►

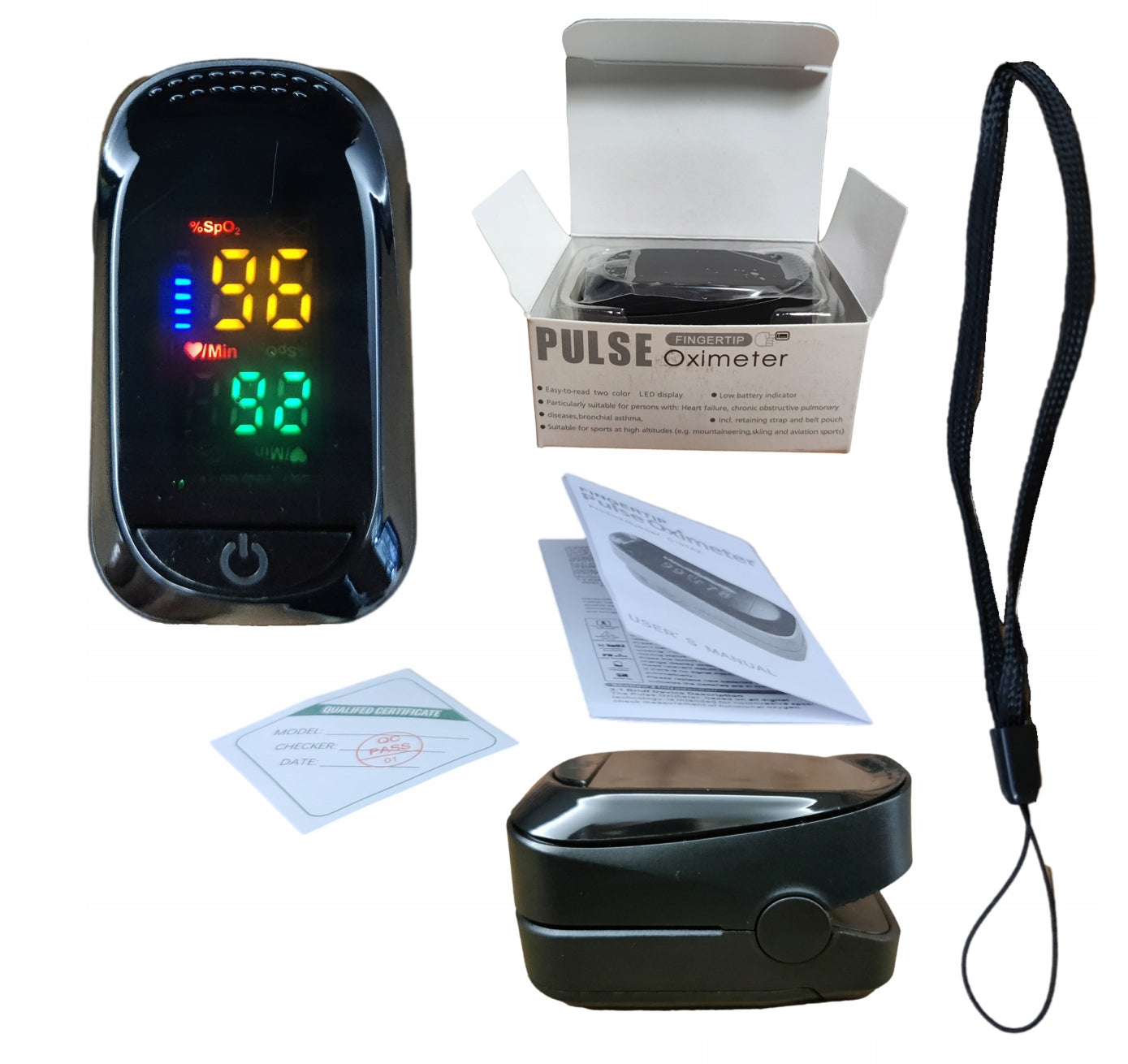 PULSE OXIMETER Finger Heart Rate Monitor SATURATION PULSE HEART RATE Accurate SpO2 + LANYARD Medical device no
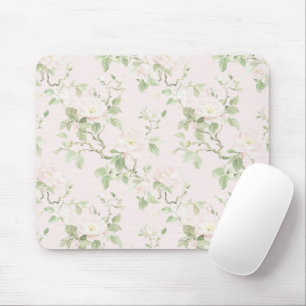 Tapis De Souris Blush Rose Blanc Floral Romantique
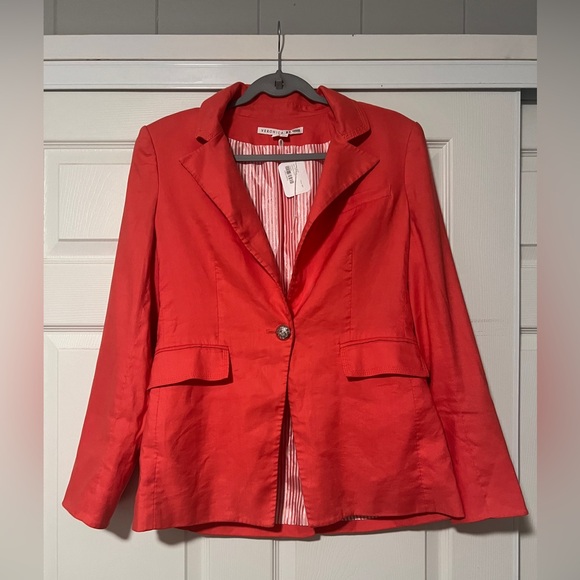 Veronica Beard $598 Linen Blend Sedgwick Blazer Red Orange Silver Buttons Preppy - Picture 4 of 10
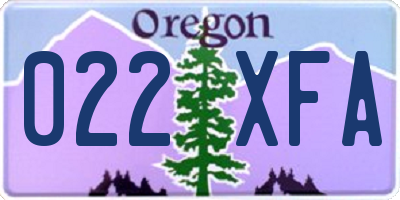 OR license plate 022XFA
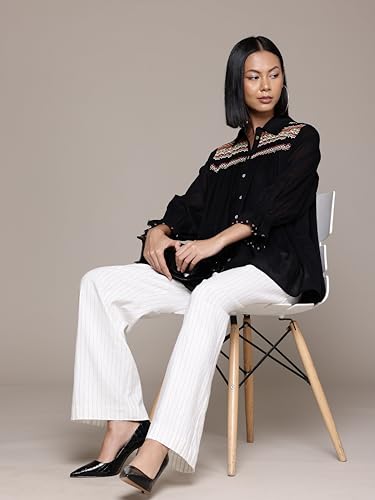 Ritu Kumar Black Solid Cotton Shirt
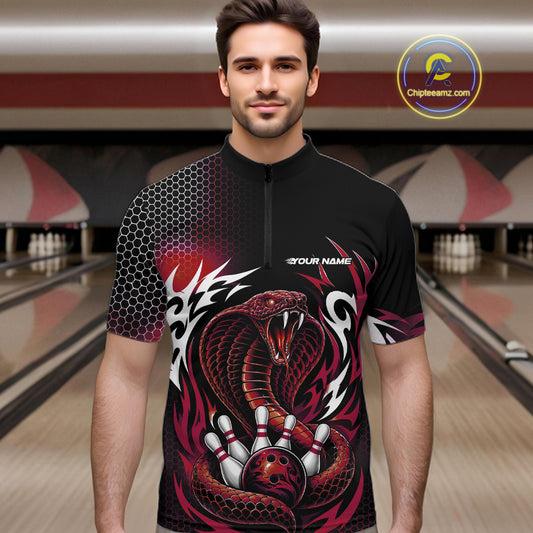 Custom Black And Red Tribal Cobra Snake Bowling Jerseys Bowling Men Quarter Zip Shirt IPHW11713
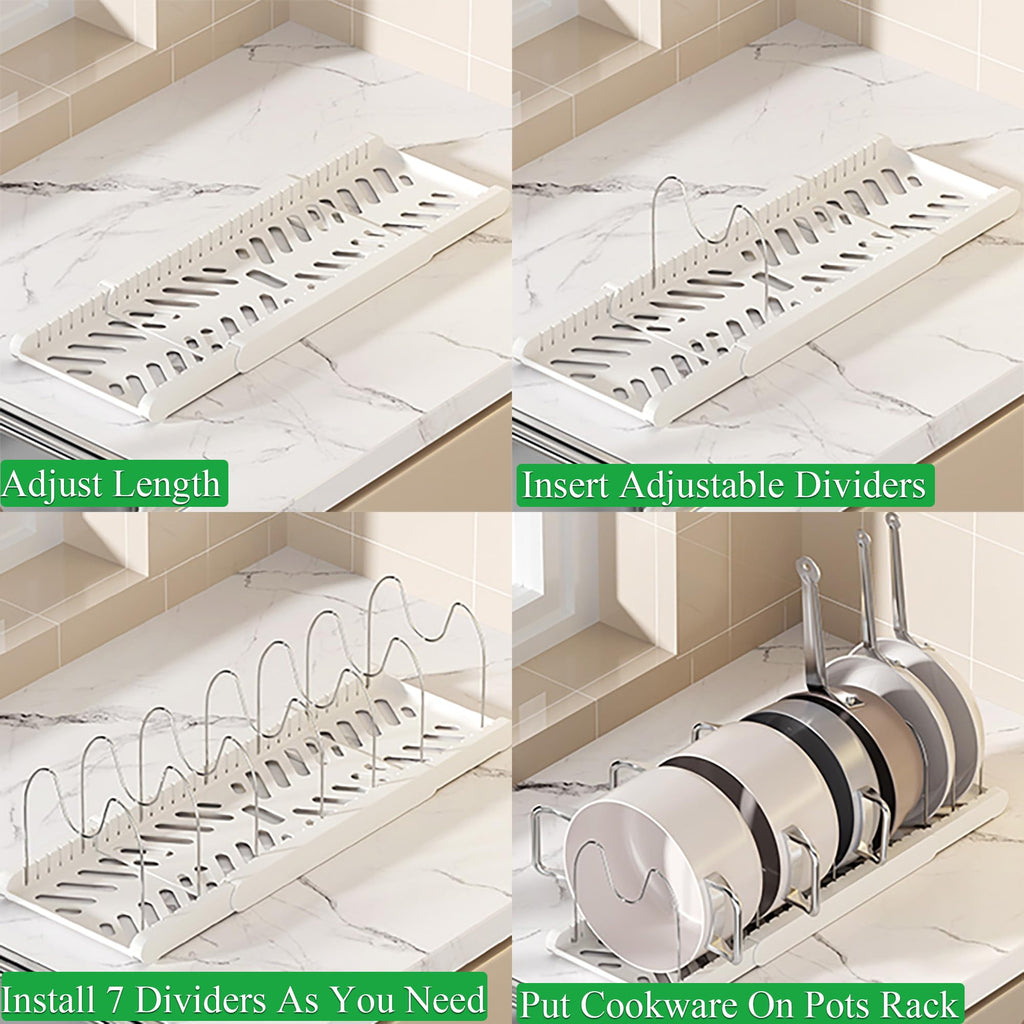 LICRUGU Pot Rack : Pots and Pans Organizer Under Cabinet 7 Adjustable Compartment Expandable Pot Lid Holder for Kitchen Cookware, Bakeware, Lid, Dishes, Cutting Boards,Apricot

◄

» Directions for this task:
Transcribe the data exactly, minus any images.

» Response to this exercise:
 PULSE OXIMETER Finger Heart Rate Monitor SATURATION PULSE HEART RATE Accurate SpO2 + LANYARD Medical device no
 Tapis De Souris Blush Rose Blanc Floral Romantique
 Veronica Beard $598 Linen Blend Sedgwick Blazer Red Orange Silver Buttons Preppy - Picture 4 of 10
 OR license plate 022XFA
 Ritu Kumar Black Solid Cotton Shirt
 Custom Black And Red Tribal Cobra Snake Bowling Jerseys Bowling Men Quarter Zip Shirt IPHW11713
 LICRUGU Pot Rack : Pots and Pans Organizer Under Cabinet 7 Adjustable Compartment Expandable Pot Lid Holder for Kitchen Cookware, Bakeware, Lid, Dishes, Cutting Boards,Apricot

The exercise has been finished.